◆ **Instructions to follow**:
Starting at the line that contains "Our solution to", copy every line to the end of the material below exactly, and omit the pictures.

◆ **Dataset excerpt**:
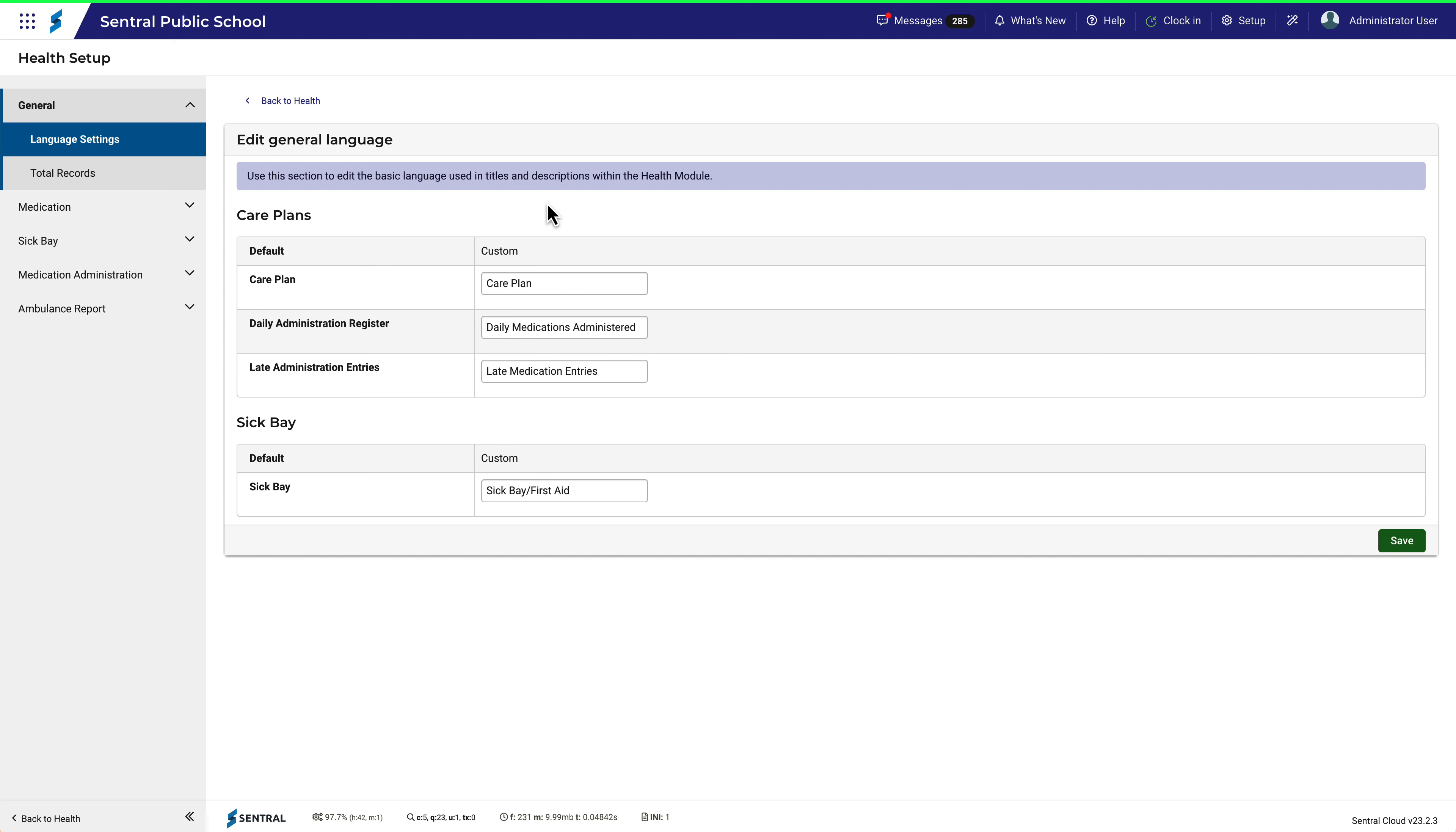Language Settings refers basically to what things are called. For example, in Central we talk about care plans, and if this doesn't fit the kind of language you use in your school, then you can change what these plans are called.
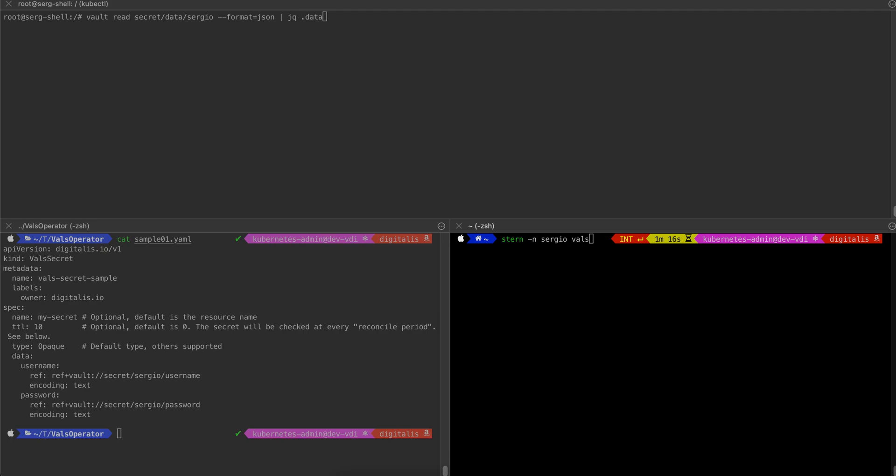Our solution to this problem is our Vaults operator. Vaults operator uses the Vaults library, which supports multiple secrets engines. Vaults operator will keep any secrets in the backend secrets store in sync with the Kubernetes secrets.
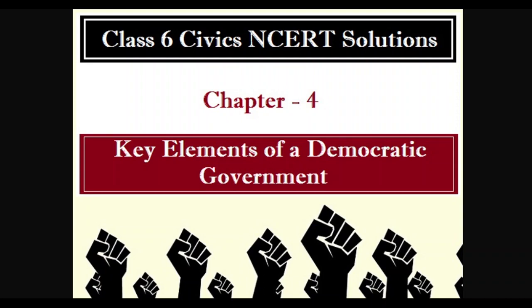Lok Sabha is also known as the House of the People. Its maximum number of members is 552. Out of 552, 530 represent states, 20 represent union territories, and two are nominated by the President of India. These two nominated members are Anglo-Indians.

◆ **Exercise output**:
Our solution to this problem is our Vaults operator. Vaults operator uses the Vaults library, which supports multiple secrets engines. Vaults operator will keep any secrets in the backend secrets store in sync with the Kubernetes secrets.
Lok Sabha is also known as the House of the People. Its maximum number of members is 552. Out of 552, 530 represent states, 20 represent union territories, and two are nominated by the President of India. These two nominated members are Anglo-Indians.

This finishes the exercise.